__Work task__.
Filter the entries for the word "Shower". Copy each line that has it.

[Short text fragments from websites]
────

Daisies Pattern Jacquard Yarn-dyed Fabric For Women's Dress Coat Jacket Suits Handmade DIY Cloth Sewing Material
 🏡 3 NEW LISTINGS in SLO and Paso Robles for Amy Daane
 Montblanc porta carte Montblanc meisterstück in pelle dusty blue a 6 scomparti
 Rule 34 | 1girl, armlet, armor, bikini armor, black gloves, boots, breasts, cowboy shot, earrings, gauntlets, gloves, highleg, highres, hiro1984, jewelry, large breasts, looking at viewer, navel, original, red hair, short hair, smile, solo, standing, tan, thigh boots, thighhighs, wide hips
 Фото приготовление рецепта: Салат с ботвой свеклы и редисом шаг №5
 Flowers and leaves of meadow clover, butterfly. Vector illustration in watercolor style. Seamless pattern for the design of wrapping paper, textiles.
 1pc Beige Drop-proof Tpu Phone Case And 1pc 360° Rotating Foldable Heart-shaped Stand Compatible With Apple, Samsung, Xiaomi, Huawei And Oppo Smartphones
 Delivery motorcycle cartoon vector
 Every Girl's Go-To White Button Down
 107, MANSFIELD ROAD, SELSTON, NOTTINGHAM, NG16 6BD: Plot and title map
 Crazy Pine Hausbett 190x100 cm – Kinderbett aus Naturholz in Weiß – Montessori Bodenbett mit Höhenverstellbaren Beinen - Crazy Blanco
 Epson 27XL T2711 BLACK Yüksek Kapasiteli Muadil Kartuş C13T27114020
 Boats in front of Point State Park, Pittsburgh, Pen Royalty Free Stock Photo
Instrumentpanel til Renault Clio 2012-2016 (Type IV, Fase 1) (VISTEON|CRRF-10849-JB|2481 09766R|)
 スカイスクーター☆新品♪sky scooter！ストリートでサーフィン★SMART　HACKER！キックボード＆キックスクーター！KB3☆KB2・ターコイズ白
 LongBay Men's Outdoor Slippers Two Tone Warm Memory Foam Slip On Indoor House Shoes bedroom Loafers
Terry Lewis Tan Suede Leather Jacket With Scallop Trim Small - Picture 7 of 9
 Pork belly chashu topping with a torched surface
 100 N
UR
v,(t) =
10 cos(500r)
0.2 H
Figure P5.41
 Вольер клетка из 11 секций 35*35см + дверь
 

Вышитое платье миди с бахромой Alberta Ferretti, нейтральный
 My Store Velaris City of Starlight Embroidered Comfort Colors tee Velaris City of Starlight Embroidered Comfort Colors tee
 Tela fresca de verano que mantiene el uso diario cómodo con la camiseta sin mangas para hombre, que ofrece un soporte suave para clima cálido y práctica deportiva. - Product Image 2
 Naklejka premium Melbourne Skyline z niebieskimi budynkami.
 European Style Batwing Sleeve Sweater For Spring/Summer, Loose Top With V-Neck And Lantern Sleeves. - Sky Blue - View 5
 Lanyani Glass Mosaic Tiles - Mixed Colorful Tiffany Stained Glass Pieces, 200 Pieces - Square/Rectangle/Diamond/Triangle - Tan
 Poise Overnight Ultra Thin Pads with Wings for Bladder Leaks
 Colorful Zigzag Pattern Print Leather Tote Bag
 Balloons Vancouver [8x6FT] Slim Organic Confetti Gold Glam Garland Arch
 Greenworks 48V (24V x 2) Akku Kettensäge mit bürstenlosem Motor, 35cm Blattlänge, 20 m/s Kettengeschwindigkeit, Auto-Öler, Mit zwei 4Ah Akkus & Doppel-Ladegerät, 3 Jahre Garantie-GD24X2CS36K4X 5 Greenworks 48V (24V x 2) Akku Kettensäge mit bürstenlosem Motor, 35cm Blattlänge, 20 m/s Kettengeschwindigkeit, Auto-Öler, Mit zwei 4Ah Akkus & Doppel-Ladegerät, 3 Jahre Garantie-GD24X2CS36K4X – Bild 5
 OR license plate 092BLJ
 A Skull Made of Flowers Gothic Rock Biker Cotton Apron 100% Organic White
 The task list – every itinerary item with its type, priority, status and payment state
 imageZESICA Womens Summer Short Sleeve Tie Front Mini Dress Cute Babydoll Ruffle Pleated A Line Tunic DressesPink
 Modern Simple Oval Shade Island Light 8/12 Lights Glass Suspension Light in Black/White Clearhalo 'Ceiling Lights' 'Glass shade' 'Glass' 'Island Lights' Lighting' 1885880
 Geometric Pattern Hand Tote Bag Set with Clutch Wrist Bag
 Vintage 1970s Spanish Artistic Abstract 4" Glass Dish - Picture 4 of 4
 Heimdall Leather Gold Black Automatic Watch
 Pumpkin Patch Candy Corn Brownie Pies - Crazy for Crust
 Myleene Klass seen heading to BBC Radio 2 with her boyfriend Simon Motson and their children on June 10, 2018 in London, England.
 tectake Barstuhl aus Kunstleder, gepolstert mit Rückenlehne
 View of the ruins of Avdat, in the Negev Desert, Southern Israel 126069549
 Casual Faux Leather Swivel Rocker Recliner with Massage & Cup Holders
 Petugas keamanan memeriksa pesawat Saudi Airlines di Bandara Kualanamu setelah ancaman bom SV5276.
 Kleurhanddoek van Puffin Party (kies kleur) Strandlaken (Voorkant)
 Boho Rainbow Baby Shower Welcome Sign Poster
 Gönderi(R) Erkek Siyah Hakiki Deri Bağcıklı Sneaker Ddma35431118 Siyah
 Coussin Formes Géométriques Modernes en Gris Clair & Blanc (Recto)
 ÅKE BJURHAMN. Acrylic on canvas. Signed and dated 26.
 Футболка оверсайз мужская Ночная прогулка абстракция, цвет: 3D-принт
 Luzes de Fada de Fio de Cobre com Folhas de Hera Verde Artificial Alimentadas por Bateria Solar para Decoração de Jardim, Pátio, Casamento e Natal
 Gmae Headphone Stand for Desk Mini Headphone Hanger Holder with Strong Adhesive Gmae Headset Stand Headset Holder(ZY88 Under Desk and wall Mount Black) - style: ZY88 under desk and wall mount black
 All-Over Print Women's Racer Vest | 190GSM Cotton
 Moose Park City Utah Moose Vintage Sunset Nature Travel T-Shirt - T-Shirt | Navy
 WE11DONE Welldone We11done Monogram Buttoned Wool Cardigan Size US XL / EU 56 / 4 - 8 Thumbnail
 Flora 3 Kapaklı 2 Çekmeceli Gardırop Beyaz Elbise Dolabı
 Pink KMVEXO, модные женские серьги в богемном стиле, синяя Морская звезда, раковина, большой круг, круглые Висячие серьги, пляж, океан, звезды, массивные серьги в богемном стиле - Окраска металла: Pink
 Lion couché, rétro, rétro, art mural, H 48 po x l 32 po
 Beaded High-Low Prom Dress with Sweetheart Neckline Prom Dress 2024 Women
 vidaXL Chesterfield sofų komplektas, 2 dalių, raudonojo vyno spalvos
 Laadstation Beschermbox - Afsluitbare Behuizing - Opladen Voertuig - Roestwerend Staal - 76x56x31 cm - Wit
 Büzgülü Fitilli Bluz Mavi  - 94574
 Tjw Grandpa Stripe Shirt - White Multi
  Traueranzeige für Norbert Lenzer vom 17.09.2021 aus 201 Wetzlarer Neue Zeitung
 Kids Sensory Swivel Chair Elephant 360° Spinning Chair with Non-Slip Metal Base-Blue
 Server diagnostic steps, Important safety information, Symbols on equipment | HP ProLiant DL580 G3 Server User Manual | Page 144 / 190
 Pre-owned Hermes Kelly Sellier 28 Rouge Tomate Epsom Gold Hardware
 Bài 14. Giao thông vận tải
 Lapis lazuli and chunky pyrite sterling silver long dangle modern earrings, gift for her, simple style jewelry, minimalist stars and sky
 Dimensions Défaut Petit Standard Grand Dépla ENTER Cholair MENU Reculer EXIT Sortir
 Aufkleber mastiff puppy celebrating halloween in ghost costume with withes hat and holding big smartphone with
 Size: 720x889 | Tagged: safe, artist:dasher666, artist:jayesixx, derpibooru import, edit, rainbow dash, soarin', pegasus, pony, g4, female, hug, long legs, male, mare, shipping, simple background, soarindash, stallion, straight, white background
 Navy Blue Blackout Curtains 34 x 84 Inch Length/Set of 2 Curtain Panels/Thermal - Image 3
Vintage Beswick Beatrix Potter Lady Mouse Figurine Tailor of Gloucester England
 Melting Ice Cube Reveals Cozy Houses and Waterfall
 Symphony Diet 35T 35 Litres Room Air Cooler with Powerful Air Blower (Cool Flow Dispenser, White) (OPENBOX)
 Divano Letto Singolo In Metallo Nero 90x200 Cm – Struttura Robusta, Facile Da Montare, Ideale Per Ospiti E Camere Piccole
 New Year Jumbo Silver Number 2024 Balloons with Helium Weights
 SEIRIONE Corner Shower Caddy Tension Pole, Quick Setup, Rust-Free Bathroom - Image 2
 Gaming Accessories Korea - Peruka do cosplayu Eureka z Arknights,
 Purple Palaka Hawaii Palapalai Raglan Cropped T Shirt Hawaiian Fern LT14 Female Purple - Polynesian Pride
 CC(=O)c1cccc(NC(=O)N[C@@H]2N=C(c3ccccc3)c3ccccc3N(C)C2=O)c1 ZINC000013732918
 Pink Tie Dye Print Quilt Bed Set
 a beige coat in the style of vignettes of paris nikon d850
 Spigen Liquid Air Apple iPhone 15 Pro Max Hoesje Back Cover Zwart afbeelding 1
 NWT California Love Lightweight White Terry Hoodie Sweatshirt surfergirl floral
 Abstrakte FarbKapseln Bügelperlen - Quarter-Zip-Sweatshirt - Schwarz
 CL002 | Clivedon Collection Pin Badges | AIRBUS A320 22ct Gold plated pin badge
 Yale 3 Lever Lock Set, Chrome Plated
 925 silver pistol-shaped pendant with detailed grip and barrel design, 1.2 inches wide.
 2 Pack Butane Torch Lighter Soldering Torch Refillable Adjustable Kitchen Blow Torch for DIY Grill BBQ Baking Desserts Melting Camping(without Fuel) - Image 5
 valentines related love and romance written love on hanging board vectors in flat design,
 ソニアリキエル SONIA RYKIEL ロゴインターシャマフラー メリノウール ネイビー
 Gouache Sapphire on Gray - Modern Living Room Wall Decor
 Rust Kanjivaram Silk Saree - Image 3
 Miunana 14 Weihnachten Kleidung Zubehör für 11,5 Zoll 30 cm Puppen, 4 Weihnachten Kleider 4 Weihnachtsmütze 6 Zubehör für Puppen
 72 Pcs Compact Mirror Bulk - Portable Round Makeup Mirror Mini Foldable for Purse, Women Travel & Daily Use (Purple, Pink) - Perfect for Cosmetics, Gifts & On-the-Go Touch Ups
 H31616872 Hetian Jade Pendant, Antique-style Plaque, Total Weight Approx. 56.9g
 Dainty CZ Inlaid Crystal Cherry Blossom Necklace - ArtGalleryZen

────

__Answer box__.
 Boho Rainbow Baby Shower Welcome Sign Poster
 SEIRIONE Corner Shower Caddy Tension Pole, Quick Setup, Rust-Free Bathroom - Image 2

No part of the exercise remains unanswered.